> _What to work on_: An exact transcription of all the data is required, with every image removed.

> _Material provided_:

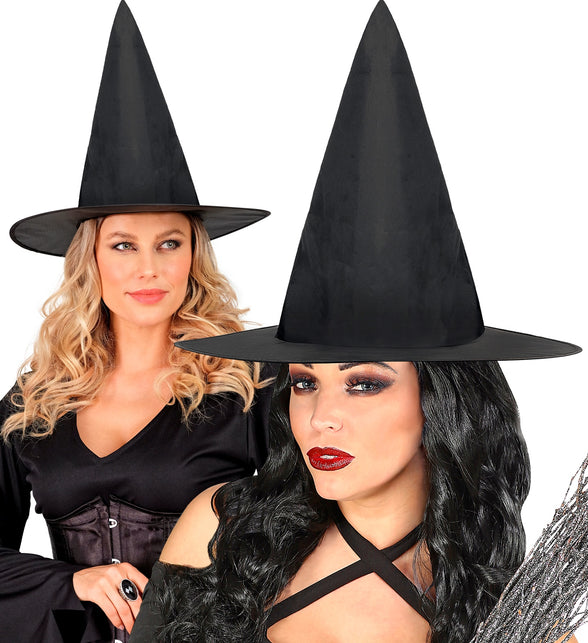 Heksenhoed zwart gedragen door twee dames met heksenschmink voor Halloween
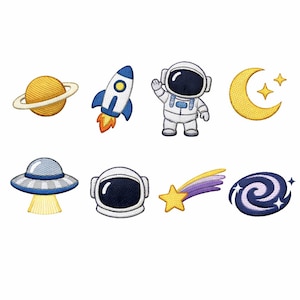 Paquete de diseños de bordado espacial, archivos de bordado a máquina de cohete, astronauta, planeta, ovni, luna y estrella, mini conjunto de bordado de galaxia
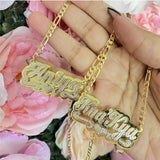 18K Plated Double Layers Nameplate Necklaces Name Pendant 3D Necklace For Women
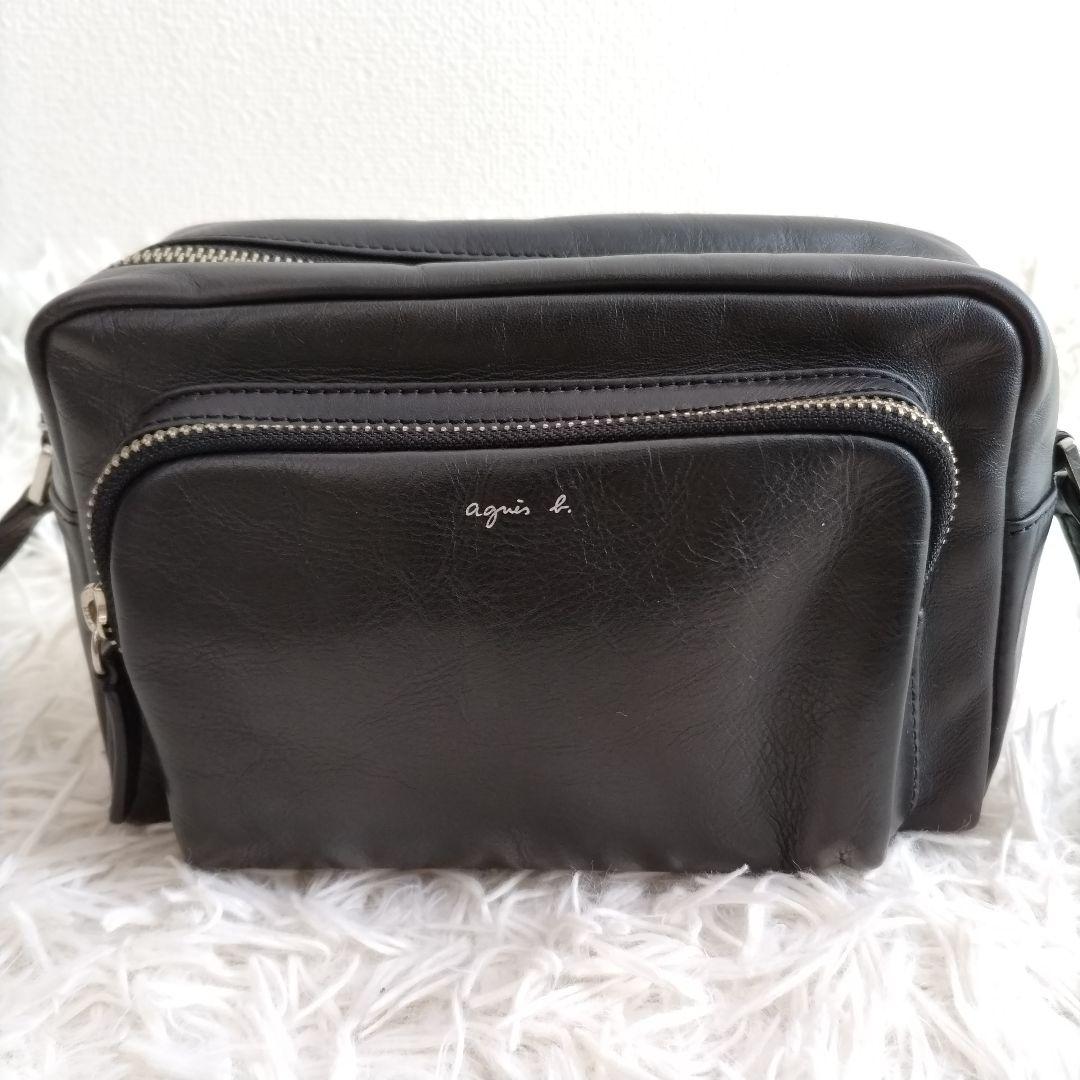 アニエスベー カメラバッグ アンジェル ショルダーバッグ 本革　 ワンポイント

> _Result of this exercise_:
 Heksenhoed zwart gedragen door twee dames met heksenschmink voor Halloween
 Paquete de diseños de bordado espacial, archivos de bordado a máquina de cohete, astronauta, planeta, ovni, luna y estrella, mini conjunto de bordado de galaxia
 18K Plated Double Layers Nameplate Necklaces Name Pendant 3D Necklace For Women
 アニエスベー カメラバッグ アンジェル ショルダーバッグ 本革　 ワンポイント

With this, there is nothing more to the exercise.